Солнце садилось. Мы стояли вдвоем с невестой — белая и черный, — запрокинув головы к небу.
— Чувствуете запах? — прошептала Алиса. — Это яблоки. Я прихожу сюда, когда становится совсем уж невмоготу. Видели бы вы это место летом, в августовскую жару! Золотисто-зеленая крона, серая кора в косых лучах солнца и земля, сплошь усыпанная горячими зелеными шарами… Или после дождя, когда яблоко огромной зеленой каплей срывается с ветки и падает в черную мягкую землю — тихо, гулко, с какой-то грустной мудростью, — Алиса бросила на меня настороженный, по-детски серьезный взгляд: — Что? Вам все это кажется чушью? Сентиментальным вздором?
— Вовсе нет, — смущенно солгал я.
— Это мой секрет. Моя яблочная ойкумена. Даже пронырливый Артурчик ничего не знает.
— Ваш брат?
— Единоутробный.
— Послушайте… А вы уже сказали родителям? Ну, про свадьбу…

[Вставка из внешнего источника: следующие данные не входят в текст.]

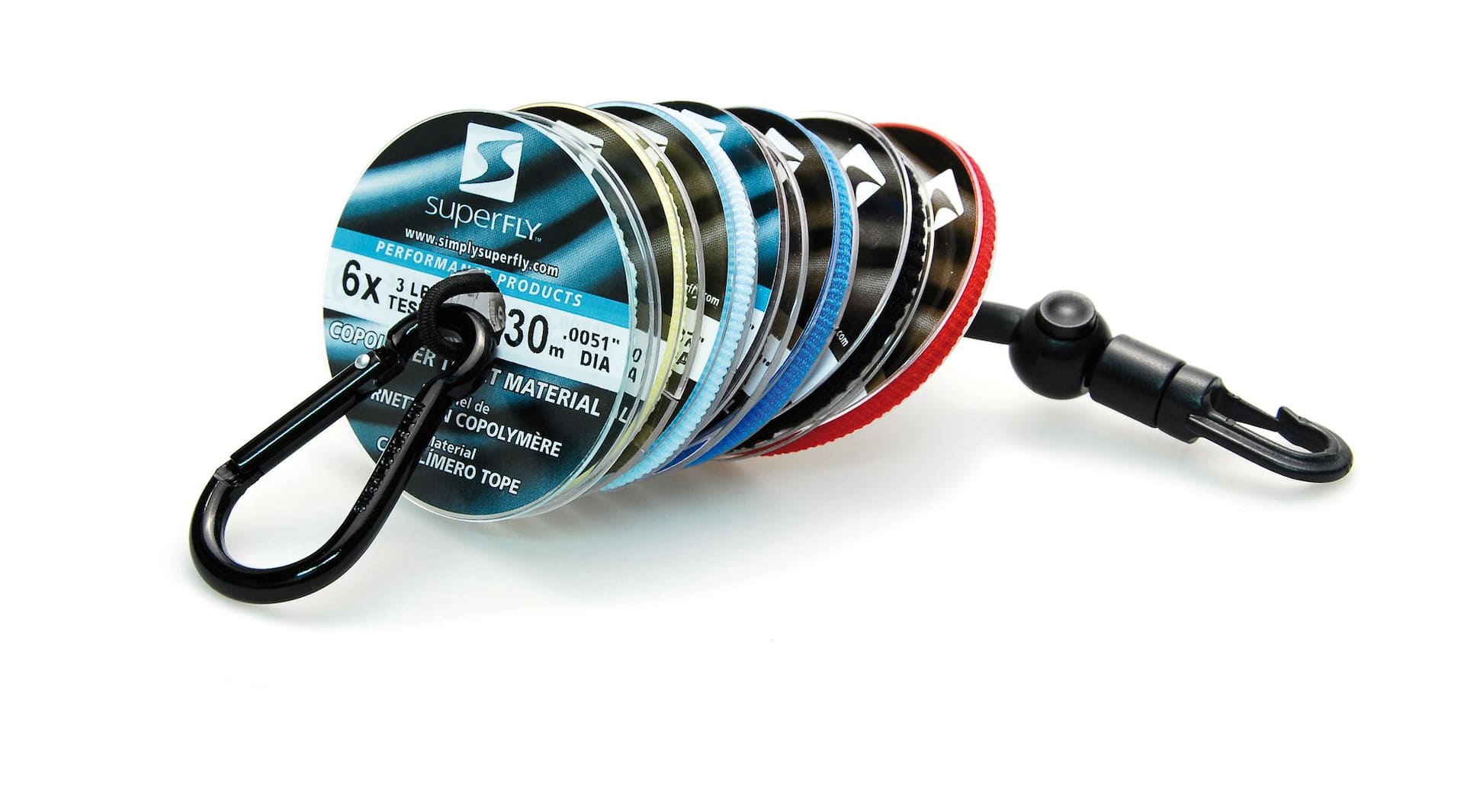 Superfly Tippet Spool Holder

— Родителям, — криво усмехнулась девушка, точно пробуя горькое слово на вкус. — Нет… Еще успею. Да ладно вам, забейте. В сущности, совершенно неважно, что я скажу и что сделаю. Это не имеет никакого значения. Я вечно всем мешаю, досаждаю, порчу, путаюсь под ногами. Маргинальный элемент, инородное тело. Я вечно лишняя, везде и всюду.
— Это неправда! — запальчиво возразил я.
— Это правда.
— Так не бывает.
— Как?
— Лишних людей не бывает. Инородных тел.
— Какой наивный! — ядовито рассмеялась Алиса. — Впрочем, был один человек, которому было не плевать на меня.
— Вот видите! — воодушевленно подхватил я.
— Был, да сплыл. Был — и нет больше.
— А как же ваши… мм… родители?
— Уфф, — гневно сверкнула глазами она. — Родители — это мать и отчим, надо полагать? Вы это серьезно?
— Ну, — стушевался я. — Есть ведь и другие люди…
— Например?
— Не знаю… Родственники? Тетки, дядья, кузены?
— Не смешите!
— Бабушки с дедушками?
— Не катит, — насмешливо отрезала Алиса. — Там все то же самое и даже хуже.
— А как же маленький…
— Мерзавец? Почему вы называете его маленьким мерзавцем?
Откуда она знает?
— Потому что у него есть вещь, по которой все маленькие мерзавцы и опознаются, даже если они вполне себе большие и взрослые.
— Какая же?
— Рогатка.
— Все равно, — помолчав, упрямо замотала головой Алиса.
— Друзья? Однокурсники? — лихорадочно перечислял я. — Жених в конце концов!
— У Кости свои интересы. — Она сорвала листок и принялась крошить его над свадебной юбкой.
— Я что-нибудь могу для вас сделать? — безнадежно выдохнул я. — Чего бы вам хотелось?
— Исчезнуть.
Я умолк, в бессилии разглядывая траву у себя под ногами.